The latest CPI report from the Labor Department came out yesterday and the results were a mixed bag. The headline number showed that the wide basket of goods and services that the Labor Department uses to track inflation rose just 0.1% from the previous month and 7.1% from a year ago. Compared to Wall St. estimates, the actual data came in below the expected 0.3% monthly increase and the 7.3% 12-month increase. This is a positive sign that the seemingly runaway inflation we have seen is beginning to loosen up, and that the Fed has been successful in taming it. The latest increase is at the lowest level since November 2021.
Falling energy prices are believed to have kept inflation at bay, declining 1.6% for the month, although on the year, the energy index is still up by 13.1%. Used vehicle prices, which were a major contributor to the inflation burst (think back to when a used car was more expensive than a new car), fell 2.9% for the month and 3.3% from a year ago. Medical care services also contributed to the latest reading falling short of economist estimates, declining 0.7% on the month.
To the disappointment of many, food prices continued to rise, up 0.5% on the month and 10.6% from a year ago, and shelter which makes up 1/3 of the CPI weighting, rose 0.6% on the month and 7.1% on the year.
Stocks responded very positively to the news but the market has since cooled in the day following the publishing of the data. Inflation seems to have peaked around 9% in June and the monthly readings since June have shown a slow but steady decline, taking pressure off the Fed to raise rates and reinstating confidence that the Fed can reign in inflation.
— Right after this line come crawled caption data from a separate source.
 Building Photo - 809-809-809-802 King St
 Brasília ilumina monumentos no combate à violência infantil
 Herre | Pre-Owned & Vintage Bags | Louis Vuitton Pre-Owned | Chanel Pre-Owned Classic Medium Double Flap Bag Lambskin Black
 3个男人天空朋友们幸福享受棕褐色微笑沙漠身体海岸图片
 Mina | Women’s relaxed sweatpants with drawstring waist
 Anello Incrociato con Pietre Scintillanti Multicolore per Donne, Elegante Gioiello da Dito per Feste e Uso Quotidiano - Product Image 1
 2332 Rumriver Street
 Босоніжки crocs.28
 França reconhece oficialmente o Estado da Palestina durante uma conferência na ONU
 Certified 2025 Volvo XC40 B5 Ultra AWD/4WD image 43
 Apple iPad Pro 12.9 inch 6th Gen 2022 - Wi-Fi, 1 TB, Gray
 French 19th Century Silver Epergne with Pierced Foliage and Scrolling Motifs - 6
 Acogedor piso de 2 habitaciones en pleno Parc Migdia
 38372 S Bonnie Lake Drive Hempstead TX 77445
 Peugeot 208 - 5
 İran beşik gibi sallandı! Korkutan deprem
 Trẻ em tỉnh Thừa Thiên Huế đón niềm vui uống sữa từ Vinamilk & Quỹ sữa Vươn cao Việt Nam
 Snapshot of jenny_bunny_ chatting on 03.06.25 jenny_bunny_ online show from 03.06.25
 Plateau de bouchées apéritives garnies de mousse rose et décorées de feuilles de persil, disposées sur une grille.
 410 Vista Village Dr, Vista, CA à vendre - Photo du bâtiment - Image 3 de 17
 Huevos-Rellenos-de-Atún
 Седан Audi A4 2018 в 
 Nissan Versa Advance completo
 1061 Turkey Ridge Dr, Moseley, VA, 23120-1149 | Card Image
The FOMC concluded its two-day meeting today, and raised rates by 0.5%, although markets widely expected the increase regardless of the latest CPI reading. We look forward to next month to see if the trend continues.
Weekly News Roundup
Consumer Prices rose less than Expected in November, up 7.1% from a Year Ago (CNBC)
The consumer price index rose just 0.1% from the previous month and is up 7.1% from a year ago. Economists had been expecting a 0.3% monthly increase and a 7.3% 12-month rate. Food prices are up 10.6% from a year ago and shelter, which makes up about 1/3 of CPI weighting, continued to escalate up to 7.1% on an annual basis. Falling energy prices helped keep inflation at bay, declining 1.6% for the month, partially due to a 2% decrease in the price of gasoline.
HY: Meanwhile concert tickets have seemingly gone up from like $50 a show 4 years ago to $200-300 a show these days, ugh.
NY Fed: Consumers See Inflation Easing Considerably in the Next Year (CNBC)
Consumers grew more optimistic about inflation in November amid expectations that both food and energy price increases would be less severe in the coming year, according to a NY Fed survey. The survey indicated that respondents see one-year inflation running at a 5.2% pace, down 0.7% from the October reading, the lowest level since August 2021. The survey comes as Fed officials have indicated the likelihood of a 0.5% interest rate hike coming this week.
HY: Great news but we’re not out of the woods yet!
Tesla Investors Voice Concern Over Elon Musk’s Focus on Twitter (WSJ)
Investors are expressing their discomfort toward Chief Executive Elon Musk’s involvement with Twitter, suggesting that it may be to the detriment of Tesla with the car company’s stock on track for its worst full-year performance. Musk admitted himself that he had been spending most of his time focusing on Twitter at a trial about his Tesla compensation package last month. “I expect to reduce my time at Twitter and find somebody else to run Twitter over time,” Musk testified. Shares of Tesla are down 54.31% YTD.
HY: Long term for Tesla this should be fine. Yes, Elon is spending a lot of time at Twitter, but its not like a car company just evaporates overnight. The share price is more likely reflective of sentiment.
Charts of the Week
“Service inflation is largely unaffected by supply chains and commodity prices. Instead, it is trending higher due to a combination of strong labor markets and a shift in demand for services. Rising inflation expectations may add pressure on wages and service prices (as well as goods prices).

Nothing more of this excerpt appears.